__PROBLEM TO WORK ON__: Say how many lines of the data below have the word "Thanks" in them. Add nothing else.

........

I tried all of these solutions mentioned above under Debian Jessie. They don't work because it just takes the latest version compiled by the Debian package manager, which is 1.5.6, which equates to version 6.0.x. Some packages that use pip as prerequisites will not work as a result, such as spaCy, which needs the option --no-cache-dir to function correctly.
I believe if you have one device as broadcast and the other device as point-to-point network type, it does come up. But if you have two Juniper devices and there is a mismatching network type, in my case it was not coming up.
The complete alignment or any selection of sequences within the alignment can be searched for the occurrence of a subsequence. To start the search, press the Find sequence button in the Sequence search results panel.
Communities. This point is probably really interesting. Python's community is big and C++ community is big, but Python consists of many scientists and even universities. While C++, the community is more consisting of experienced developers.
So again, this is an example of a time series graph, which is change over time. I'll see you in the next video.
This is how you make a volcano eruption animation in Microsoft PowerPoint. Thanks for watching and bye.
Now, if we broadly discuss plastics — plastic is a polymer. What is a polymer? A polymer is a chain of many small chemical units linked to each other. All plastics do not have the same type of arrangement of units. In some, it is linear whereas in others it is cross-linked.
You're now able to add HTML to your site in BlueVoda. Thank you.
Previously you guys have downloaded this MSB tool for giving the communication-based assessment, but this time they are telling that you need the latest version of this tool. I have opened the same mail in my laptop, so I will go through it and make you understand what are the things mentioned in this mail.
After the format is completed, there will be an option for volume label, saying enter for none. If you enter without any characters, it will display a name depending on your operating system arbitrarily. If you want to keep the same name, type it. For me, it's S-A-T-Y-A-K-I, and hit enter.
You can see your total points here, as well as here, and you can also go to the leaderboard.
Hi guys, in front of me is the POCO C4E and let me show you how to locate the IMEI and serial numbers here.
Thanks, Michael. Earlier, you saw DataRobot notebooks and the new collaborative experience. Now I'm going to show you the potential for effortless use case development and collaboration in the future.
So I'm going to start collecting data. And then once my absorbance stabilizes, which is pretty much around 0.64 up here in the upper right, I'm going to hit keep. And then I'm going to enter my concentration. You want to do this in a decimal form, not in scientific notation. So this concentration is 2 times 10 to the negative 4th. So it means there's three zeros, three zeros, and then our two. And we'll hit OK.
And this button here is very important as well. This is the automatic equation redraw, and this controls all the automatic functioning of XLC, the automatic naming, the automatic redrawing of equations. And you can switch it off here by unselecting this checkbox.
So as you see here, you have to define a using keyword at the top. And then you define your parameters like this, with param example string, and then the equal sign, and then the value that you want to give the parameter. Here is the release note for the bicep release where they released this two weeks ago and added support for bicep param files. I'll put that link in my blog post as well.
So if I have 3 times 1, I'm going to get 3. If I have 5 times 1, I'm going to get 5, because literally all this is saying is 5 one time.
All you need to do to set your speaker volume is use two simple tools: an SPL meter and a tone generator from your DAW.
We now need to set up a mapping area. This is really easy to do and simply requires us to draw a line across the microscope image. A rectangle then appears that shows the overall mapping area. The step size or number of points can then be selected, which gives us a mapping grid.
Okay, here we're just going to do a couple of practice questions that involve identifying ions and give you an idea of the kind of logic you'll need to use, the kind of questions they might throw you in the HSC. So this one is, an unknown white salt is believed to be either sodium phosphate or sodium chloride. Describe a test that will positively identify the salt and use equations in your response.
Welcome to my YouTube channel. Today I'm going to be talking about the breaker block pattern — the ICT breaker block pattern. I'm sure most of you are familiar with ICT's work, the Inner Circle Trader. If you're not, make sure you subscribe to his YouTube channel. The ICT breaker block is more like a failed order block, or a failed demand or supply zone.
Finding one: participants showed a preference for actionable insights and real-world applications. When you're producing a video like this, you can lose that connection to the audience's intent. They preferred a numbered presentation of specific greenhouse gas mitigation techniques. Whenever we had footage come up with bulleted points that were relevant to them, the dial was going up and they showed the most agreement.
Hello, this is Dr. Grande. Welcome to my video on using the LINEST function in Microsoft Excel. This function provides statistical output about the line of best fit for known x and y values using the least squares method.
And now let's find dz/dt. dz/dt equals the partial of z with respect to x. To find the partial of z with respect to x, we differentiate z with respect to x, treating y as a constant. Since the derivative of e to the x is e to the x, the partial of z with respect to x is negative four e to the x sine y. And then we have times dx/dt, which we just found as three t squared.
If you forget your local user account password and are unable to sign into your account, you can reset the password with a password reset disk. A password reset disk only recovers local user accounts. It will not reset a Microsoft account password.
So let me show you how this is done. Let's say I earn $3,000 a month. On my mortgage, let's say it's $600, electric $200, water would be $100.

........

__RESULT OF THE EXERCISE__: 2